Exercise input:
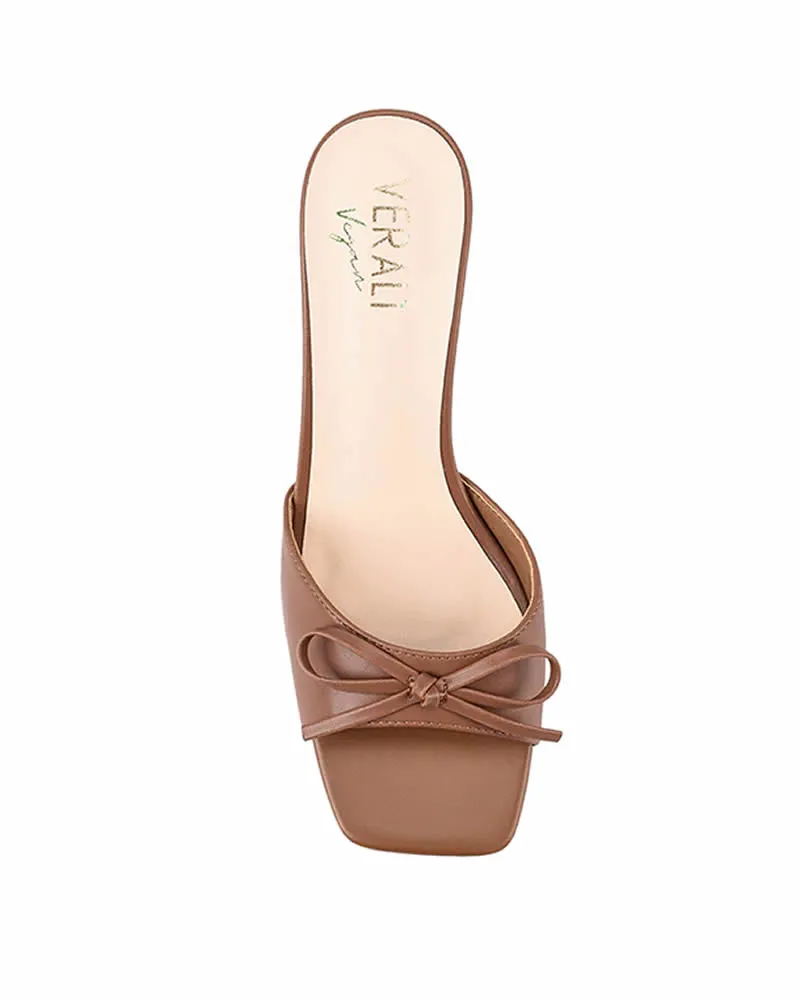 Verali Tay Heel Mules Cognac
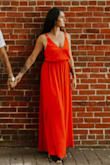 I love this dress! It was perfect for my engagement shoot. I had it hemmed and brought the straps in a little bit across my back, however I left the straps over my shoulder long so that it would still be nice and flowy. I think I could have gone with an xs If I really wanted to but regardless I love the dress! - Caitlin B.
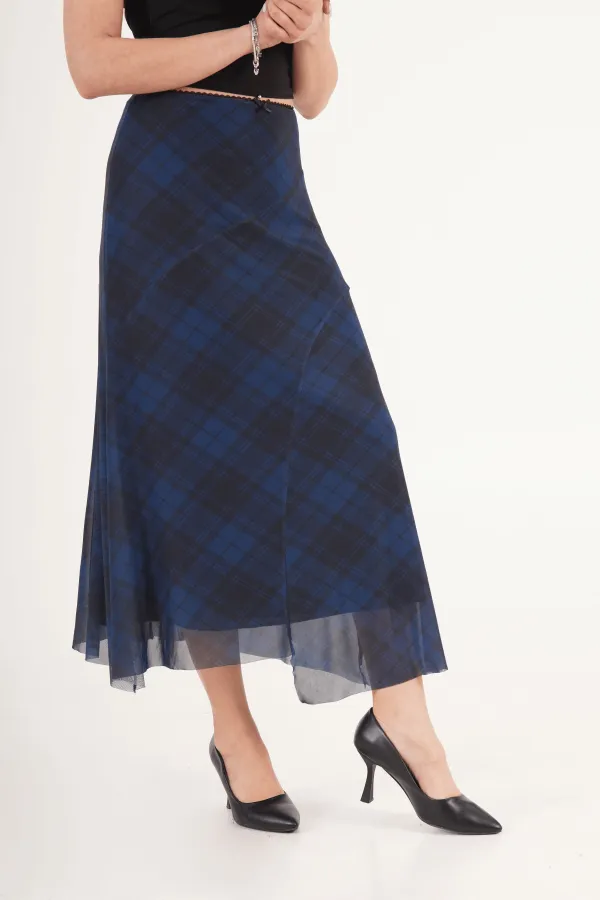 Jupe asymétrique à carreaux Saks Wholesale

==

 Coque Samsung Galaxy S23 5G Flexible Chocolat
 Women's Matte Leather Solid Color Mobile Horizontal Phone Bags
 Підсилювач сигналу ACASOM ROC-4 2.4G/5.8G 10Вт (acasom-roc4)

Task directions: Between and including the line above that contains "Verali Tay Heel Mules Cognac" and the line that contains "Jupe asymétrique à carreaux Saks Wholesale", restate every line word for word. Pictures stay out.

Answer to this problem:
 Verali Tay Heel Mules Cognac
 I love this dress! It was perfect for my engagement shoot. I had it hemmed and brought the straps in a little bit across my back, however I left the straps over my shoulder long so that it would still be nice and flowy. I think I could have gone with an xs If I really wanted to but regardless I love the dress! - Caitlin B.
 Jupe asymétrique à carreaux Saks Wholesale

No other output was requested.